History of `isapprox` in languages

I agree that it’s a problem that people don’t understand floating-point comparisons. But the fact remains that (a) there is no reasonable nonzero default atol, (b) it’s easy to set an atol if you want to (including for a block of code as noted above, either by defining your own ≈ᵃ operator or by locally redefining ).

The problem here is that x ≈ 0 is not just using wrong “as it is defined” — it fundamentally makes no sense in the context of floating-point arithmetic. It assumes that the language can magically infer an absolute scale for x in a globally defined operator .

5 Likes

But it also means that approximate equality does not obey simple equational rewrites, i.e.,

julia> let x = 1e-8; x ≈ 0 end
false

julia> let x = 1e-8; x + one(x) ≈ 1 end
true

Since approximate equality is also not an equivalence relation, it is notoriously difficult to work with and often surprises me.

Well approximate equality surely isn’t equality. Also the same statement is true for floating points equations already (just consider 1e-8 + 1e9 == 1e9). So not really an issue with per se.

2 Likes

Throwing an error if either of the arguments is exactly zero would be an option (but that is of course a breaking API change).
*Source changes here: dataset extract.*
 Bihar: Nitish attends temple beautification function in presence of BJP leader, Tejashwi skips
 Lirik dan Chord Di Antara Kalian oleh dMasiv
Numerical computing is full of formulas that intend to deal with this problem, another popular one is something like

\| x - y \| \le (a + \| x \| + \| y \|) \cdot \varepsilon

with a=1 as a default.

Unfortunately, as other have explained multiple times above, there is no generic fix because each of them has corner cases for which it fails. In other words, you cannot avoid thinking about your units, Julia won’t magically figure it out because it is a programming language, not an oracle.

4 Likes

That’s back to assuming that all quantities are scaled to around unit magnitude. It’s the usual confusion of floating point with fixed point — it’s not a “corner case” that fails, it’s just completely wrong.

3 Likes

You are trying to grapple with the question of how to compare floating-point numbers, hoping that there a cure for “isapprox”. Lots of responses.
Here’s mine.
Don’t use it.
That is, Google will find admonitions: Don’t compare floating point numbers for equality. “near equality” doesn’t make it easier.

Consider if what you intend by a particular use of isapprox(a,b) is
-eps +a < b < eps+a or
equivalently abs(a-b)<eps
where eps can be scaled,say by max(abs(a), abs(b),machine-epsilon) … or some other factor, depending on what you actually need. Defining to do it
“for all cases” by isapprox() is implausible.
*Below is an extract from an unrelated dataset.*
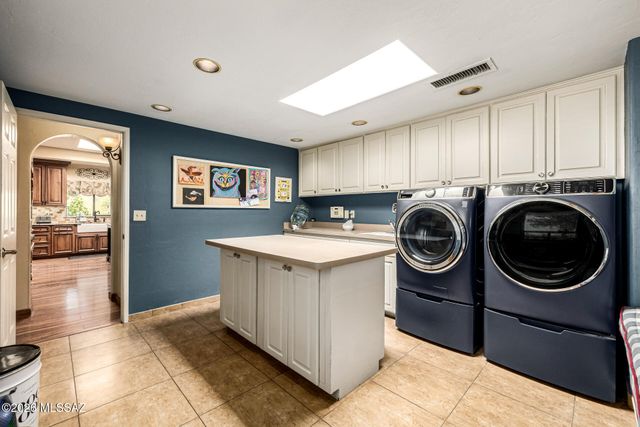 4477 E Saranac Drive, Tucson, AZ 85718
There are situations in which particular aspects of floating-point
representation are examined by bit-twiddling subroutine libraries
involving machine epsilon, Not-A-Number, extended precision, etc.
Testing for exact or nearly corresponding bit patterns might have
a use in such software, but typically done by experts in floating-point
error analysis. There aren’t too many around in the community of language designers.
Richard Fateman, UC Berkeley

11 Likes

The justifications that I find for the design of functions like isapprox go something like this: Choose a tolerance somewhere near 1/2 (could be 2/3) the number of significant digits. This allows ignoring accumulation of errors due to imprecise arithmetic operations and at the same time remaining sensitive to small systematic errors introduced by, for example, a bug.

I can imagine some might say that an algorithm that is this sensitive to deviations of floating point arithmetic from its mathematical ideal is poorly designed. In any case, Julia’s isapprox seems to follow this justification and chooses exactly half the digits of precision.

It turns out that this design can be completely at odds with your intuition. The closest quasar is about 600 million light years away. This is 5.7 ⋅ 10^34 Angstroms. Does this distance change significantly if I add one more Angstrom, the radius of a Hydrogen atom?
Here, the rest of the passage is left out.